Work required: The listing that follows is to be repeated exactly.

Input:

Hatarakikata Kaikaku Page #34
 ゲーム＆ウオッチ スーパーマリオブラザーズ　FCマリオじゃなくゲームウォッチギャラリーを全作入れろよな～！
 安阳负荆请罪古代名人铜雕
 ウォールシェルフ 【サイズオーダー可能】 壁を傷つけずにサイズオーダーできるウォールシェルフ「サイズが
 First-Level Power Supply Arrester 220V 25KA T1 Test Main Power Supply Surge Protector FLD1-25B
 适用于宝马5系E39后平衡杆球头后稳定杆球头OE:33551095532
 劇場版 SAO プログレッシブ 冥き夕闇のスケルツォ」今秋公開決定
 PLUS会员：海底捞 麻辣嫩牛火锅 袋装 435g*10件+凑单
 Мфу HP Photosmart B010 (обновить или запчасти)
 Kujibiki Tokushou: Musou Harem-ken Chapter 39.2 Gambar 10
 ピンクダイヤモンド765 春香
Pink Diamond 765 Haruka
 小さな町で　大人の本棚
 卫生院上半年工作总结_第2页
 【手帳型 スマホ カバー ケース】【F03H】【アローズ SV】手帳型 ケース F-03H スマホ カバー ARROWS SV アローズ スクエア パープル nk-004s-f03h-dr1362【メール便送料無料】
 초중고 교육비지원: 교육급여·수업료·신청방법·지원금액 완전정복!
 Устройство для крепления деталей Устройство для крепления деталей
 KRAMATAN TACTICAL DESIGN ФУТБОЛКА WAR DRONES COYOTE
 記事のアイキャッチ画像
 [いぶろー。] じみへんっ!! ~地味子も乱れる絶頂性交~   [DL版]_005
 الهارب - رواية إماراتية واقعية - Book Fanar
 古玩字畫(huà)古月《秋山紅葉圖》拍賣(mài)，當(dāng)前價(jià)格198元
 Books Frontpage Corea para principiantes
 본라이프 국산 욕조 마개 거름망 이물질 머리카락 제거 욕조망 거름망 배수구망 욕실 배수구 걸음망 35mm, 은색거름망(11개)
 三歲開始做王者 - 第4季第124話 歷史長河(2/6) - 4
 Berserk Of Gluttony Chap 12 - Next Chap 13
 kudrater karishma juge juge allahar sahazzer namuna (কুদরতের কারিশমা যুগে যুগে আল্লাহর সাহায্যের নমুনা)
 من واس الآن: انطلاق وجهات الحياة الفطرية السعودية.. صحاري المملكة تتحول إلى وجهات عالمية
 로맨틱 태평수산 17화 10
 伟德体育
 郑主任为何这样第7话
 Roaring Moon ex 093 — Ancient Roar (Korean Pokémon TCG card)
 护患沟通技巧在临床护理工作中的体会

Solution for this exercise:
Hatarakikata Kaikaku Page #34
 ゲーム＆ウオッチ スーパーマリオブラザーズ　FCマリオじゃなくゲームウォッチギャラリーを全作入れろよな～！
 安阳负荆请罪古代名人铜雕
 ウォールシェルフ 【サイズオーダー可能】 壁を傷つけずにサイズオーダーできるウォールシェルフ「サイズが
 First-Level Power Supply Arrester 220V 25KA T1 Test Main Power Supply Surge Protector FLD1-25B
 适用于宝马5系E39后平衡杆球头后稳定杆球头OE:33551095532
 劇場版 SAO プログレッシブ 冥き夕闇のスケルツォ」今秋公開決定
 PLUS会员：海底捞 麻辣嫩牛火锅 袋装 435g*10件+凑单
 Мфу HP Photosmart B010 (обновить или запчасти)
 Kujibiki Tokushou: Musou Harem-ken Chapter 39.2 Gambar 10
 ピンクダイヤモンド765 春香
Pink Diamond 765 Haruka
 小さな町で　大人の本棚
 卫生院上半年工作总结_第2页
 【手帳型 スマホ カバー ケース】【F03H】【アローズ SV】手帳型 ケース F-03H スマホ カバー ARROWS SV アローズ スクエア パープル nk-004s-f03h-dr1362【メール便送料無料】
 초중고 교육비지원: 교육급여·수업료·신청방법·지원금액 완전정복!
 Устройство для крепления деталей Устройство для крепления деталей
 KRAMATAN TACTICAL DESIGN ФУТБОЛКА WAR DRONES COYOTE
 記事のアイキャッチ画像
 [いぶろー。] じみへんっ!! ~地味子も乱れる絶頂性交~   [DL版]_005
 الهارب - رواية إماراتية واقعية - Book Fanar
 古玩字畫(huà)古月《秋山紅葉圖》拍賣(mài)，當(dāng)前價(jià)格198元
 Books Frontpage Corea para principiantes
 본라이프 국산 욕조 마개 거름망 이물질 머리카락 제거 욕조망 거름망 배수구망 욕실 배수구 걸음망 35mm, 은색거름망(11개)
 三歲開始做王者 - 第4季第124話 歷史長河(2/6) - 4
 Berserk Of Gluttony Chap 12 - Next Chap 13
 kudrater karishma juge juge allahar sahazzer namuna (কুদরতের কারিশমা যুগে যুগে আল্লাহর সাহায্যের নমুনা)
 من واس الآن: انطلاق وجهات الحياة الفطرية السعودية.. صحاري المملكة تتحول إلى وجهات عالمية
 로맨틱 태평수산 17화 10
 伟德体育
 郑主任为何这样第7话
 Roaring Moon ex 093 — Ancient Roar (Korean Pokémon TCG card)
 护患沟通技巧在临床护理工作中的体会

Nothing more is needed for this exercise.